Anyway, the Homemade Mozzarella and Ricotta Cheese Workshop piqued my interest, mainly because I'd be learning something I know nothing about. And I love cheese. And my friend Abi wanted to go. And we had an excuse to stop at TJ's and WF first.
The classroom/kitchen was towards the back of the store. It was well-equipped - so equipped I found myself just looking around the first 10 minutes of class just soaking it all in. They also had a nice little snack station set up with cheese (not the kind we were making)/crackers, ginger tea and Nespresso.
First, we made Ricotta cheese. It's quite simple actually. And I had no idea. I'll be making it at home from know on. Don't believe me? Scroll down, I just made some yesterday for stuffed shells tonight.
Boil milk, add buttermilk and salt. Let it strain. That's it!
|Curds and Whey|
Next we made the Mozzarella. This was pretty simple as well, but a bit more involved and more temperamental. There were a few spots you can mess up and your cheese is just awful. I think mine was the best only because it was extra hot during the kneading process and I added a lot of salt :)
|Abi and I with our cheese balls! See how her's looks a little scruffy? That's because it wasn't hot enough.|
With all the Ricotta we had, we made ice cream. Ricotta Ice Cream with Dark Chocolate and Candied Orange Peel. OH. MY. GOODNESS. I will be making this again soon. Then we made a pasta dish for the mozzarella and sat down to an amazing lunch.
|Fettuccine with Fresh Mozzarella, Cherry Tomatoes and Chives|
|Fresh Mozzarella platter (salt flakes!)|
|Oh, the ice cream! It was incredible.|
We also made a new friend. Hi Chriselle!
So I took what I learned in class and made Ricotta for stuffed shells. There really is no comparison.
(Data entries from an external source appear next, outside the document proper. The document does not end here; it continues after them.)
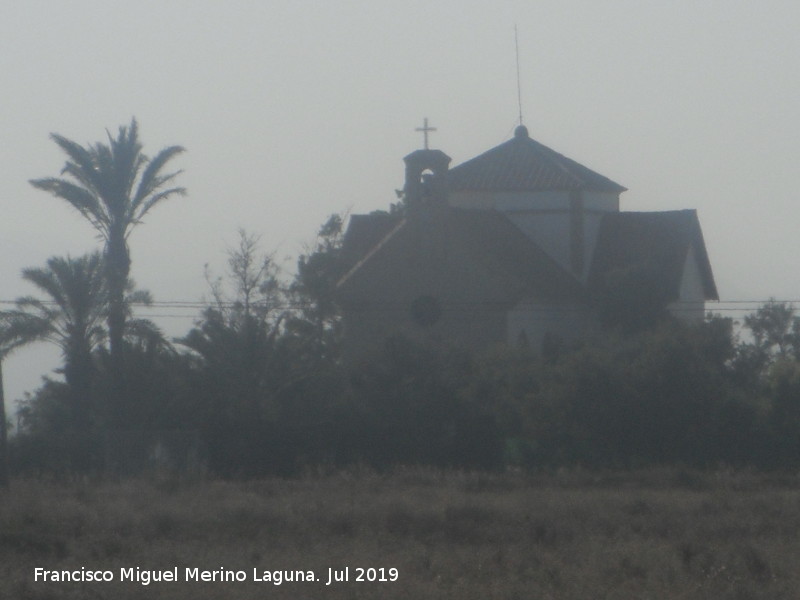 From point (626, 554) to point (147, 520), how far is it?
7148 millimetres

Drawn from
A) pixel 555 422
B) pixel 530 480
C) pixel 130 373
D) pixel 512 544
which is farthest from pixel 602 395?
pixel 512 544

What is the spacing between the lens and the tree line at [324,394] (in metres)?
32.2

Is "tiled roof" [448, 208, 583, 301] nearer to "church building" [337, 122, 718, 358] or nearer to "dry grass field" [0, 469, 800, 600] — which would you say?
"church building" [337, 122, 718, 358]

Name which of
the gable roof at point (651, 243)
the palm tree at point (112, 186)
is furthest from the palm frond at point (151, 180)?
the gable roof at point (651, 243)

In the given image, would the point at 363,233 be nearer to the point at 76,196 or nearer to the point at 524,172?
the point at 524,172

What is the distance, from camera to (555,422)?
32438 millimetres

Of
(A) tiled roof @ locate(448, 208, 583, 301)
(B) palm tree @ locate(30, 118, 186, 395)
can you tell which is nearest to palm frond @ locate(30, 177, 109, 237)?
(B) palm tree @ locate(30, 118, 186, 395)

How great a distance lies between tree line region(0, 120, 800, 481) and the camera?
32.2 m

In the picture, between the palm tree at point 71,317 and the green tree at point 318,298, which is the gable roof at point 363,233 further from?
the palm tree at point 71,317

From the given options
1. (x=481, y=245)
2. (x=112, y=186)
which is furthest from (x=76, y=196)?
(x=481, y=245)

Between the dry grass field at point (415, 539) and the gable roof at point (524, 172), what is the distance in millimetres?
24608

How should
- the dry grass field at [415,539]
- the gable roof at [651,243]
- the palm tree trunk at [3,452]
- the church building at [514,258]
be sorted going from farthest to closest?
1. the gable roof at [651,243]
2. the church building at [514,258]
3. the palm tree trunk at [3,452]
4. the dry grass field at [415,539]

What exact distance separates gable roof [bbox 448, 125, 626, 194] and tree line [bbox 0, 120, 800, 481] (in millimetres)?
12872

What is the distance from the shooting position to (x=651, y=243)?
49.6 meters
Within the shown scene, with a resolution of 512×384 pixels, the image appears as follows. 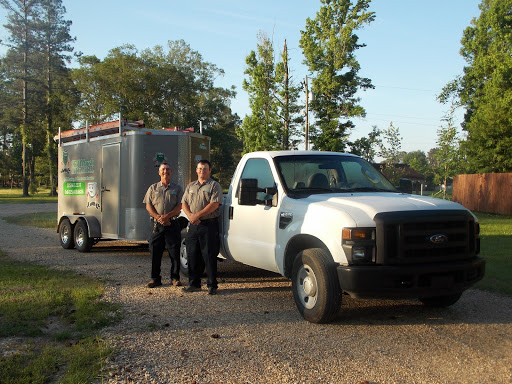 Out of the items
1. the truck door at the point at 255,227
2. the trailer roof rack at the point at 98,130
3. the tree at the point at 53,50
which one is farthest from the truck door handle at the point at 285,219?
the tree at the point at 53,50

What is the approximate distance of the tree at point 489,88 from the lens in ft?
97.0

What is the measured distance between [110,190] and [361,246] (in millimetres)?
7279

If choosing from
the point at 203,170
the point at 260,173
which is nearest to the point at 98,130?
the point at 203,170

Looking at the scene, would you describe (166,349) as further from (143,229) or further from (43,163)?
(43,163)

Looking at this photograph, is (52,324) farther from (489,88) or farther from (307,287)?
(489,88)

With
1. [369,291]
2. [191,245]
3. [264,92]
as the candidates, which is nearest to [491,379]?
[369,291]

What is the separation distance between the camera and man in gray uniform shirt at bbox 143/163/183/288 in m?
7.86

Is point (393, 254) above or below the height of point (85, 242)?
above

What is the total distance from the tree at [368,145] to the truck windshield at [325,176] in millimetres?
21859

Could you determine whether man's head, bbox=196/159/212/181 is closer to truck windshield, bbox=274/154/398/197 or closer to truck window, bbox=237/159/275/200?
truck window, bbox=237/159/275/200

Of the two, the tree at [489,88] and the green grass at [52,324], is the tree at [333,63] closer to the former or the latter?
the tree at [489,88]

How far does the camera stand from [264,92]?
26703 millimetres

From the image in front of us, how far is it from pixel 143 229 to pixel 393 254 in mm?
6394

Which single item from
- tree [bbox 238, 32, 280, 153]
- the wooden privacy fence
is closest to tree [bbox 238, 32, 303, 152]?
tree [bbox 238, 32, 280, 153] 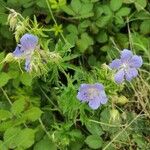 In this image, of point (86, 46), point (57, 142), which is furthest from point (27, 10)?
point (57, 142)

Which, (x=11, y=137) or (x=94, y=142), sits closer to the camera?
(x=11, y=137)

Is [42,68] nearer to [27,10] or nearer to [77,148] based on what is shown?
[77,148]

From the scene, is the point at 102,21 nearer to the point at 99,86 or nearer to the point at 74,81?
the point at 74,81

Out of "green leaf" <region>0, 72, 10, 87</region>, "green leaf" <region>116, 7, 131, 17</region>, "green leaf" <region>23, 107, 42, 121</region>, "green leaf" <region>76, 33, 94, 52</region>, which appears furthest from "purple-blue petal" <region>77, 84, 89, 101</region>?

What I really enjoyed about the class is that not only did we learn to make the cheese, but we also made dishes that featured the cheese. And I got to play in a professional kitchen! I was thoroughly impressed with the instruction from the Chef, the setup and attention to details, the recipe packets to take home, and the 10% off coupon! We can't wait for the next one. Who's game?
Fresh Whole-Milk Ricotta
from Sur la Table
Yield: about 10-12 ounces
8 cups whole milk (don's use ultra pasteurized)
1/2 to 1 teaspoon fine sea salt
2 cups buttermilk, whole milk (if you can find it)
Place the milk in a large heavy saucepan and set over medium-high heat. Cook, stirring almost constantly, until the milk comes to a frothing boil. Turn off the heat and, as the bubbling subsides, stir in the salt and buttermilk. Continue gently stirring in one direction until the curds and whey separate (the mixture will resemble thickened buttermilk. The whey will still look milky and the curds will be very small). Remove from the stove and let sit, undisturbed, for about 5 minutes.
Line a strainer with cheesecloth. Carefully pour the curds and whey through the cheesecloth. The whey will drain into a bowl underneath. Leave the curds in the strainer to drain for about 15-30 minutes depending on the desired consistency. Use immediately or store in the refrigerator for up to 5 days.